[Source data Boundary: Start]

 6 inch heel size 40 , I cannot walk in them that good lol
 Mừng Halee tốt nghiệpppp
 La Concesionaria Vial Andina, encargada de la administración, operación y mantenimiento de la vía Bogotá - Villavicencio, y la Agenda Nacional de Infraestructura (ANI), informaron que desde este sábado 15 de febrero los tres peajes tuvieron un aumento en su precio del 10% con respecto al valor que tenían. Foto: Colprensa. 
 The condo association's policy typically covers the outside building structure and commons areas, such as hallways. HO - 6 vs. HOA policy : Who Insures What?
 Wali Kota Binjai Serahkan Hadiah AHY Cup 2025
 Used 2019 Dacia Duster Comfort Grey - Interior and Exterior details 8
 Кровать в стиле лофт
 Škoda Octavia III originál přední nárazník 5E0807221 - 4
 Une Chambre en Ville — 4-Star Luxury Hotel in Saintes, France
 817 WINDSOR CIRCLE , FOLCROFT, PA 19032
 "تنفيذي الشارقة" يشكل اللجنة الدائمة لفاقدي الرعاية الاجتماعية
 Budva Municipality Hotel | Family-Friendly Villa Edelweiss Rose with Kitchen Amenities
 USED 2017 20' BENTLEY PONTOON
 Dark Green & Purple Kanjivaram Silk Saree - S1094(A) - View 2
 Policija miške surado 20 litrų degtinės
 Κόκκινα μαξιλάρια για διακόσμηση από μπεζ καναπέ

[Source data Boundary: End]

» Your task:
Which lines should be output? Exactly those from the first line of the data through the line containing "La Concesionaria Vial", inclusive.

» Response:
 6 inch heel size 40 , I cannot walk in them that good lol
 Mừng Halee tốt nghiệpppp
 La Concesionaria Vial Andina, encargada de la administración, operación y mantenimiento de la vía Bogotá - Villavicencio, y la Agenda Nacional de Infraestructura (ANI), informaron que desde este sábado 15 de febrero los tres peajes tuvieron un aumento en su precio del 10% con respecto al valor que tenían. Foto: Colprensa. 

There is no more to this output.